秋はメンタル不調が生じやすい
猛暑の夏がようやく終わり、涼しさを感じるようになると、「気持ちが沈む」「仕事への意欲がわかない」といった心身の変化を訴える人が増えてきます。多くの人は夏の疲れが残っているだけだろうと考えがちですが、実は秋特有の環境変化が影響している可能性があります。
秋は、メンタル不調が生じやすい季節です。国内の調査では、精神科疾患で救急外来を受診する患者数は9月から10月にかけて増加傾向を示し、さらに適応障害は10月以降から冬にかけて急増することが報告されています(大槻ら、2009;日本システム技術、2023)。
その背景には、日照時間の減少に伴うセロトニン活性の低下や、気圧の変化に伴う自律神経の乱れといった生理学的要因が関与していると考えられています。こうした影響は「秋うつ」と呼ばれることもありますが、医学的には「季節性うつ病(季節性感情障害:SAD)」の一種として説明されることがあります。
今月は、秋に起こりやすいメンタル不調のメカニズムを整理しながら、日常生活に取り入れられる具体的な工夫について解説していきます。
セロトニンが不足すると気分が落ち込みやすくなる
セロトニンは、脳内で分泌される神経伝達物質のひとつで、感情の安定や集中力に関与することが知られています(Bîlc et al., 2023)。十分に分泌されていると気分が安定し、集中力も高まりやすくなりますが、不足すると気分の落ち込みや不安感が強まりやすくなるといわれています。

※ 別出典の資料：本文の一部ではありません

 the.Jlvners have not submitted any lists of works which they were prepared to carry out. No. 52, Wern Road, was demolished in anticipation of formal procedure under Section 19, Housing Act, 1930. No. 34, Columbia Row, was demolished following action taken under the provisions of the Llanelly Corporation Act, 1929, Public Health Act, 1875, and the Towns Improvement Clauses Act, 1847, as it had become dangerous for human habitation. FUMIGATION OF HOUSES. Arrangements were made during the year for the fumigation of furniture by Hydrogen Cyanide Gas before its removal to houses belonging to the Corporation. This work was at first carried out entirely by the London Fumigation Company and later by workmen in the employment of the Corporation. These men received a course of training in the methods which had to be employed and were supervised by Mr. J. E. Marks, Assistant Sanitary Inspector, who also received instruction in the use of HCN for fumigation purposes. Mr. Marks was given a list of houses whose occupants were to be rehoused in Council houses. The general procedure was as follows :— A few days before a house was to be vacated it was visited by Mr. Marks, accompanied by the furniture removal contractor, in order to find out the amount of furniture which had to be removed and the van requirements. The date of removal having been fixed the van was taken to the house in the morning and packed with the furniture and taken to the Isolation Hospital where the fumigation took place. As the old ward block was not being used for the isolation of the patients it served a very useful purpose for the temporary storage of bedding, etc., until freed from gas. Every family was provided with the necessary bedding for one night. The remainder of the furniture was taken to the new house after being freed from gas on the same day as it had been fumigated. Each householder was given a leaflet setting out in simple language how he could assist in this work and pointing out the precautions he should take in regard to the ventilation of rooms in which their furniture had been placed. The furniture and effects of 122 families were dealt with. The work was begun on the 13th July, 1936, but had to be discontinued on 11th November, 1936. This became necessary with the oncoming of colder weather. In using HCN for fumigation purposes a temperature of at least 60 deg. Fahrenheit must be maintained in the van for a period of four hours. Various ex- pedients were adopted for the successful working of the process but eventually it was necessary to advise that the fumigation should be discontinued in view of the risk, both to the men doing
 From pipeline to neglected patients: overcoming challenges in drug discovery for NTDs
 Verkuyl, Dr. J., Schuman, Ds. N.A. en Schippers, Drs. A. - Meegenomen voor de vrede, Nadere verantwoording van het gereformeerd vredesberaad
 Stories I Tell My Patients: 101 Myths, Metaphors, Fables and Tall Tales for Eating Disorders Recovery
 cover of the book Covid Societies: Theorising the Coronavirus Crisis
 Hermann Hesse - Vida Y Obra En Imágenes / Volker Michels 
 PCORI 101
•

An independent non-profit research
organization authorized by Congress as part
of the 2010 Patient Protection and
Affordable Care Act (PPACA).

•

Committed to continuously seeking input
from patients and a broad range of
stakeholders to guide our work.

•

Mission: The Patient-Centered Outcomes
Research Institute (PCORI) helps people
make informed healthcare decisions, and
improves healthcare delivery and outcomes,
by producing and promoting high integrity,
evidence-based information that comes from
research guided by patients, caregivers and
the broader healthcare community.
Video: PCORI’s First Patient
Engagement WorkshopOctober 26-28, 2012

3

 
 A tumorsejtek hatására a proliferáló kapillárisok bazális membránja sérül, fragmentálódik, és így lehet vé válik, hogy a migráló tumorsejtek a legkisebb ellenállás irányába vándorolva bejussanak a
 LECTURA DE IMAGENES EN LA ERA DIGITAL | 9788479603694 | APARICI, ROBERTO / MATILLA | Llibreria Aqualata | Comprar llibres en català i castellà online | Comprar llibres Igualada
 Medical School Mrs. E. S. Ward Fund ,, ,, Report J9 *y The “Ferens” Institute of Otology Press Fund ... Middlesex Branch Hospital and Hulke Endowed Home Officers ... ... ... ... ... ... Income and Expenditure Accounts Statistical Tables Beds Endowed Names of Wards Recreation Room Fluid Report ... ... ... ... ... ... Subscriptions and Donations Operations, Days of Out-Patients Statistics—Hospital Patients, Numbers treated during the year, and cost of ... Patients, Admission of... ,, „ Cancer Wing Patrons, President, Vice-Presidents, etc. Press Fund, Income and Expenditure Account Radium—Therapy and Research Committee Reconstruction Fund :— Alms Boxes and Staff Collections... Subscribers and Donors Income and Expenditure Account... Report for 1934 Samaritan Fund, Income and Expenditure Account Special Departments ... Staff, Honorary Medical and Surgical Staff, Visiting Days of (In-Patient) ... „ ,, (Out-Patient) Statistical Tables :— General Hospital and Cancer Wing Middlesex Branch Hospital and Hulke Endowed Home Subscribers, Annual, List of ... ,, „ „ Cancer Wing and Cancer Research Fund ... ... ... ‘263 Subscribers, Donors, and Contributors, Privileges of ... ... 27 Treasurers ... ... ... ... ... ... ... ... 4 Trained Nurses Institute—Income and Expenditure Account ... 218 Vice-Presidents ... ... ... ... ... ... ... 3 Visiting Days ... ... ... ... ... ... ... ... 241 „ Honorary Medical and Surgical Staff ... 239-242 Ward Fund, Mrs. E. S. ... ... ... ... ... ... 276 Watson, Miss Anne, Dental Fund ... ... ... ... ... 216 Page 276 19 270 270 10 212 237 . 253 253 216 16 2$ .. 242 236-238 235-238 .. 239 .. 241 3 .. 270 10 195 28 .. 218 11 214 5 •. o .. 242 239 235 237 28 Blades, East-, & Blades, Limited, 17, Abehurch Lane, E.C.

セロトニンの分泌は、日光を浴びることで活性化すると考えられています。
網膜から入った光の刺激が脳に伝わり、セロトニンの合成が促されるためです。このため、夏のように日照時間が長い季節にはセロトニンの活性が高まりやすい一方で、秋に入って日照時間が短くなると、脳内のセロトニン活性が低下すると考えられます。
実際に、成人男性の血液中のセロトニン代謝物濃度を調べた研究では、脳内のセロトニン産生率が、日照時間が長くなると上昇し、光の量の増加に伴い急激に高まることが明らかとなっています(Lambert et al., 2002)。
他の研究でも、日照時間が減少するとセロトニンの活動が低下し、季節性うつ病(SAD)を発症する可能性があることが報告されています(Tyrer et al., 2016;Mc Mahon et al., 2016)。つまり、日照時間の減少は、メンタルの安定を左右する重要な環境要因であると考えられます。